- Material to process:
----
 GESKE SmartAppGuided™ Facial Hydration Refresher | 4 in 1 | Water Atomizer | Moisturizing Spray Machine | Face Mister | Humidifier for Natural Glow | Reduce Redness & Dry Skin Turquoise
----
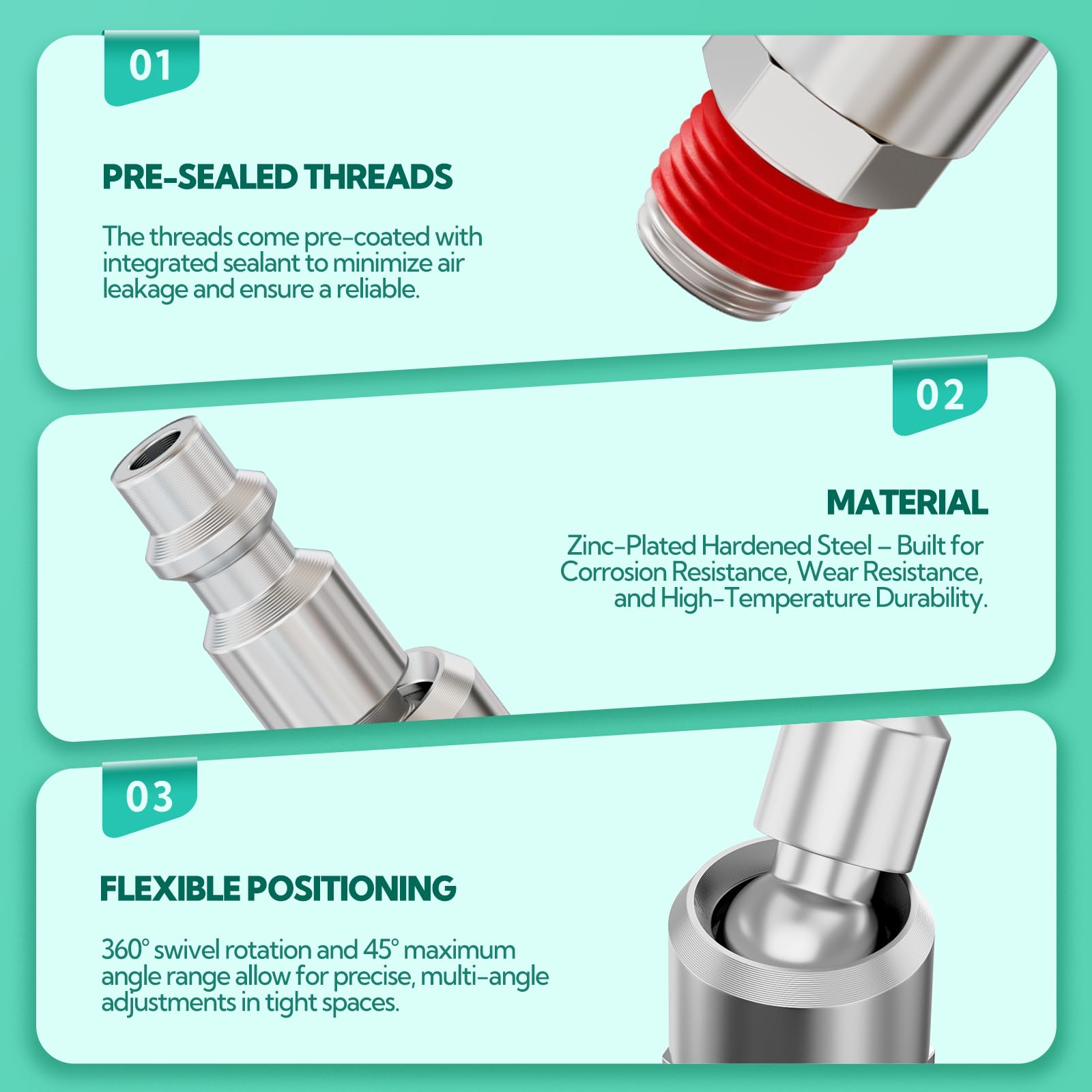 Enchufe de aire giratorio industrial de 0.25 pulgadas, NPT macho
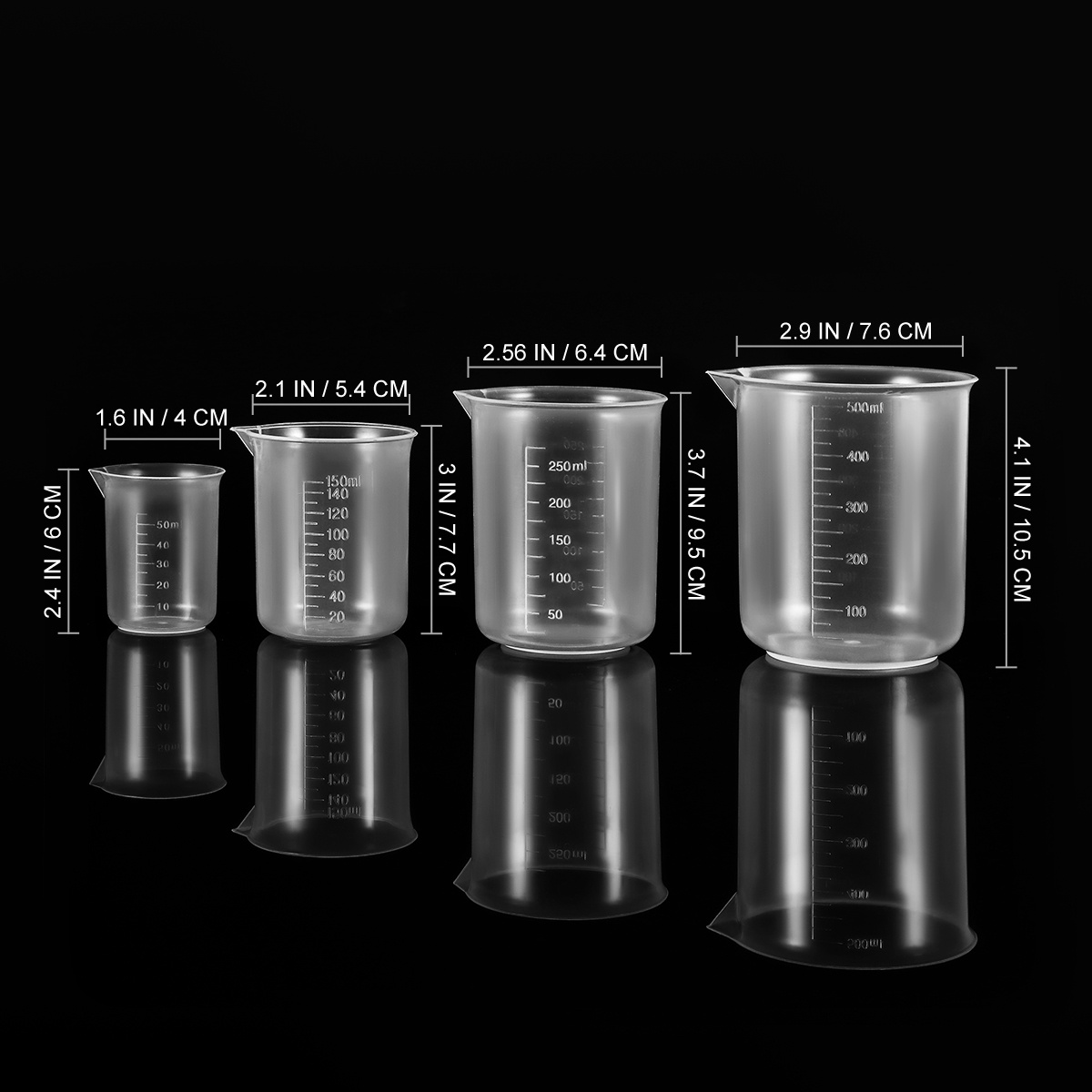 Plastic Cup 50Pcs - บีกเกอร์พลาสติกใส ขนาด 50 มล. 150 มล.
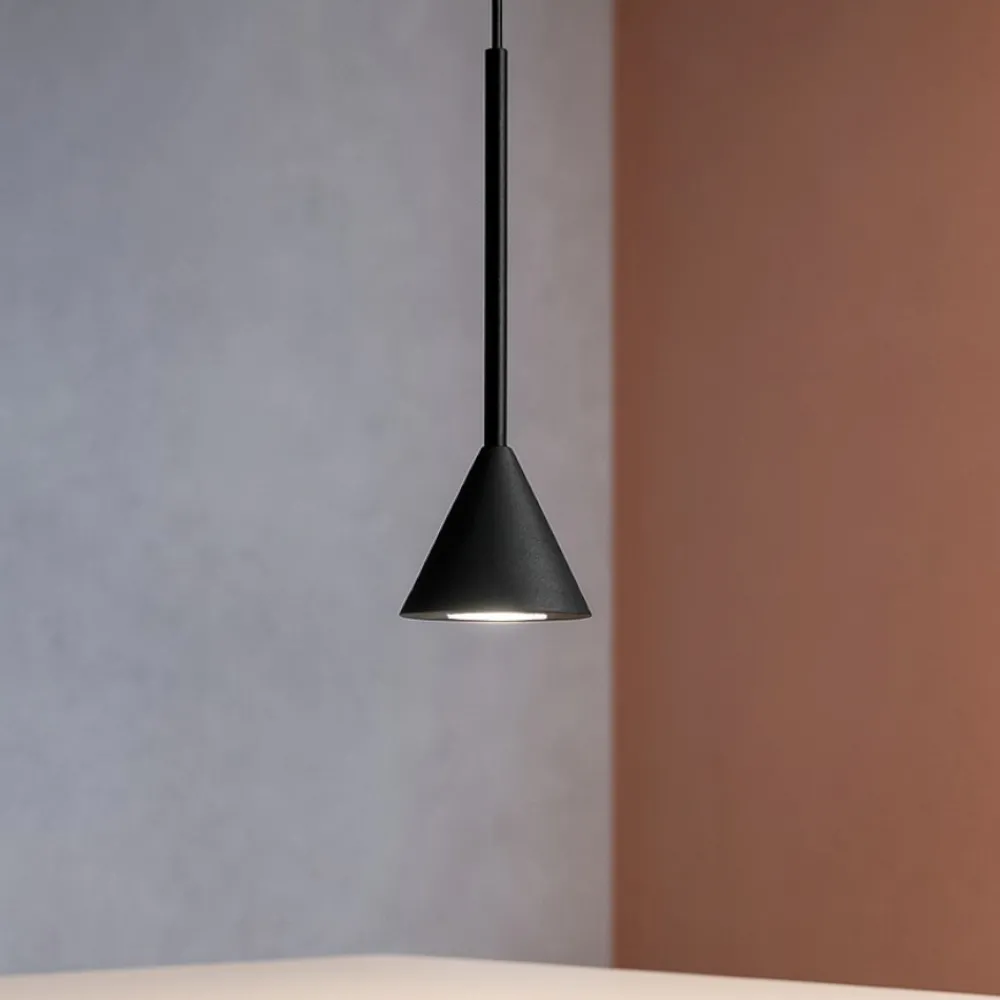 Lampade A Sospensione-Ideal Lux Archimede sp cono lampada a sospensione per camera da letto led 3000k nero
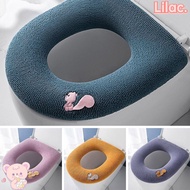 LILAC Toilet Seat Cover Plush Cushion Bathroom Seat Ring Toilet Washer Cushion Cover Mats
----
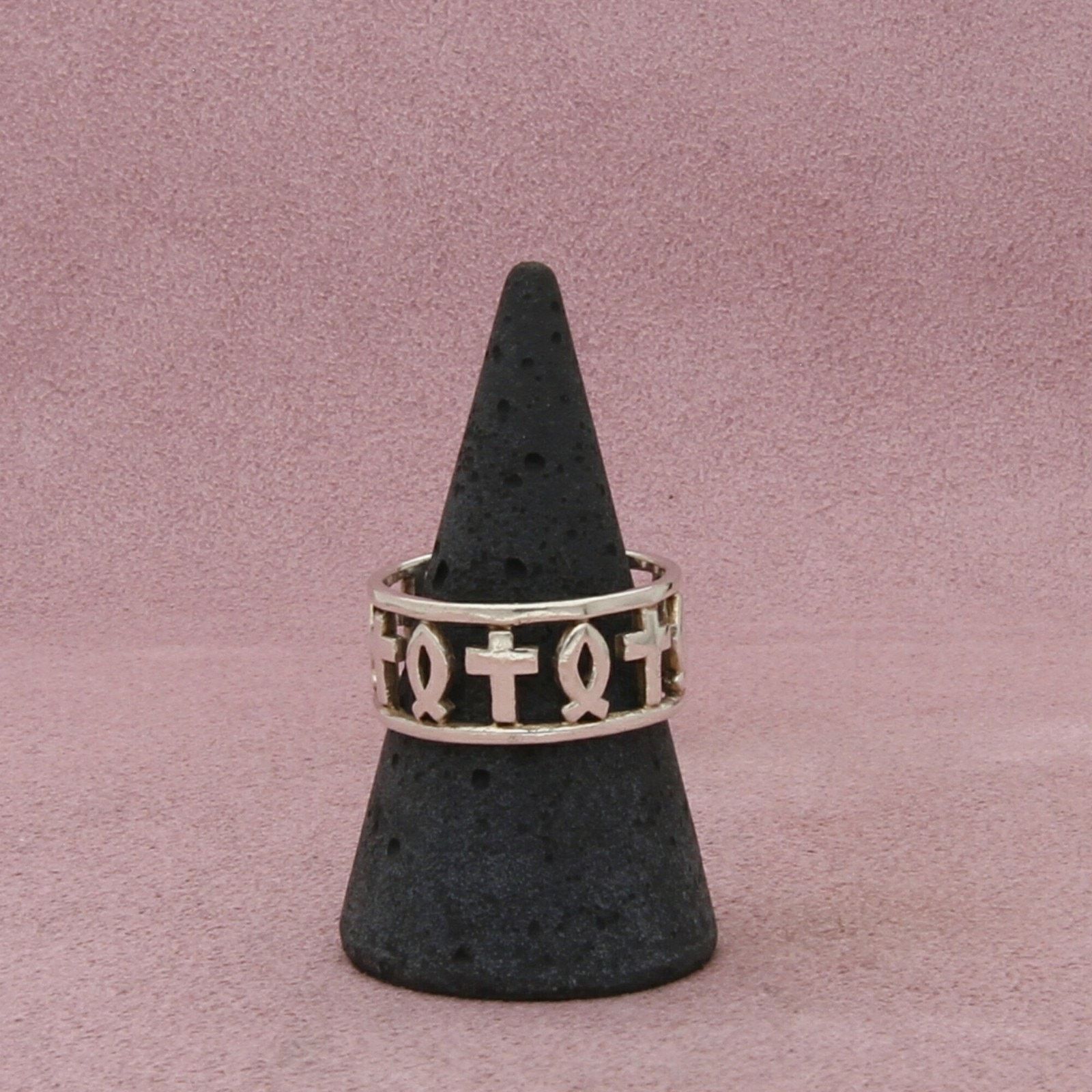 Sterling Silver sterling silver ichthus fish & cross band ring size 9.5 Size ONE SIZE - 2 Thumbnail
----
- Try it:
Every line above in the stretch from the one with "Plastic Cup 50Pcs" through the one with "LILAC Toilet Seat" is to be transcribed exactly, ends included. No picture is copied.

- Answer box:
 Plastic Cup 50Pcs - บีกเกอร์พลาสติกใส ขนาด 50 มล. 150 มล.
 Lampade A Sospensione-Ideal Lux Archimede sp cono lampada a sospensione per camera da letto led 3000k nero
 LILAC Toilet Seat Cover Plush Cushion Bathroom Seat Ring Toilet Washer Cushion Cover Mats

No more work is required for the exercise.